- _What is needed_
The answer must be every line from the listing that holds the string "sale".

- _Records for the exercise_
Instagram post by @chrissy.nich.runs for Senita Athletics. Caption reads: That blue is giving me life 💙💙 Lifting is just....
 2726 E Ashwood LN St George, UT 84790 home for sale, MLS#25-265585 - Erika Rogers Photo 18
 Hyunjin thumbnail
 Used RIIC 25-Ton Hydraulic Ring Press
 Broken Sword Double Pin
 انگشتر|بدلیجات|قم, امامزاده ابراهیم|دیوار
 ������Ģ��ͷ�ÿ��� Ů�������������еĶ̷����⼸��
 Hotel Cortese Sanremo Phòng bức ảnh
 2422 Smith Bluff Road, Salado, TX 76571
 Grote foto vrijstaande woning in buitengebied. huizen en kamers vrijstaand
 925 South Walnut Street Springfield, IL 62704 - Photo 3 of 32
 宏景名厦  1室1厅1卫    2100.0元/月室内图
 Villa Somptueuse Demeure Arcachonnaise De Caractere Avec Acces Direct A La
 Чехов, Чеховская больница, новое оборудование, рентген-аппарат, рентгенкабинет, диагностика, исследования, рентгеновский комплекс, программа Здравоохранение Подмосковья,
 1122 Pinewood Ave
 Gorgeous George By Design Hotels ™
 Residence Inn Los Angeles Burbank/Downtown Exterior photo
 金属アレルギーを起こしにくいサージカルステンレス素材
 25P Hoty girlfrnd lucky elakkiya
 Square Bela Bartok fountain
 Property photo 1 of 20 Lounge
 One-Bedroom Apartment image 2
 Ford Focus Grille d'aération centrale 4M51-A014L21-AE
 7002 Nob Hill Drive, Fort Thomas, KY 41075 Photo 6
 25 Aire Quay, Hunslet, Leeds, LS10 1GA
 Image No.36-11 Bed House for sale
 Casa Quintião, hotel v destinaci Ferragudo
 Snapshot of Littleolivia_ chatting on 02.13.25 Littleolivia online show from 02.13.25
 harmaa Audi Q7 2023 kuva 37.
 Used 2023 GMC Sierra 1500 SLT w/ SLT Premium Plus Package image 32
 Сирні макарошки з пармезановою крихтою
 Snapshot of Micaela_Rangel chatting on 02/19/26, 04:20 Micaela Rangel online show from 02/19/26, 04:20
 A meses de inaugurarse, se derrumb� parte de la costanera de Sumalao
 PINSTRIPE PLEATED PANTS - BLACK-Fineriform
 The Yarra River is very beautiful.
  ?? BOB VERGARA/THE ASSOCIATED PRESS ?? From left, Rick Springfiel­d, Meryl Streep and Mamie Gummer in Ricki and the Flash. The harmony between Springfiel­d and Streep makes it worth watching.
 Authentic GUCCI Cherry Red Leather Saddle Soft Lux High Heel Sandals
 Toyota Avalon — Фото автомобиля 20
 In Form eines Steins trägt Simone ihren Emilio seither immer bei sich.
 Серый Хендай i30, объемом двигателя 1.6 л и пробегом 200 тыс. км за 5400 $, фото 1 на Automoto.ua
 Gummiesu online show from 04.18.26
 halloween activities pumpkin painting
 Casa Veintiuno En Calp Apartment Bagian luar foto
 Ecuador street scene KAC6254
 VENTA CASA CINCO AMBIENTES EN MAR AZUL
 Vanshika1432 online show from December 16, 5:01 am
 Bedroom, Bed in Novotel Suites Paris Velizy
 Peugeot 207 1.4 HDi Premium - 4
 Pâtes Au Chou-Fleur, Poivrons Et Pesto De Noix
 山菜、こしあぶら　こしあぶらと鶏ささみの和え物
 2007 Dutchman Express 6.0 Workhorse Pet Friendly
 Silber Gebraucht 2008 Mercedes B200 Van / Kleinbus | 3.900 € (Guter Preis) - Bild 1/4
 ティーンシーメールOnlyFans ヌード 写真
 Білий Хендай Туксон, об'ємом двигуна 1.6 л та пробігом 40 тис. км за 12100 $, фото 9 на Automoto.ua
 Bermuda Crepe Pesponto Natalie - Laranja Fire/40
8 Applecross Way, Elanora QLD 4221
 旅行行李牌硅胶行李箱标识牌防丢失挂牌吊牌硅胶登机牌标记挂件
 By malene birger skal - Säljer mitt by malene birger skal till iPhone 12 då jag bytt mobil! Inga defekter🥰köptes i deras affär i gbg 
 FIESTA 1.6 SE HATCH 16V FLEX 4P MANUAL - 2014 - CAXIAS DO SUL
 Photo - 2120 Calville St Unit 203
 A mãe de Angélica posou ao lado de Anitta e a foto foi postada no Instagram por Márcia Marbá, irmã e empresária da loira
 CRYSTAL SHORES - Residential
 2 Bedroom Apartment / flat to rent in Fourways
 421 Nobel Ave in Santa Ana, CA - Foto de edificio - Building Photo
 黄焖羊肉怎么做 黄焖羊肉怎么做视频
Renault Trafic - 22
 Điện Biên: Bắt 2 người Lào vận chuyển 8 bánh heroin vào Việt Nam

- _Solution to the exercise_
 2726 E Ashwood LN St George, UT 84790 home for sale, MLS#25-265585 - Erika Rogers Photo 18
 Image No.36-11 Bed House for sale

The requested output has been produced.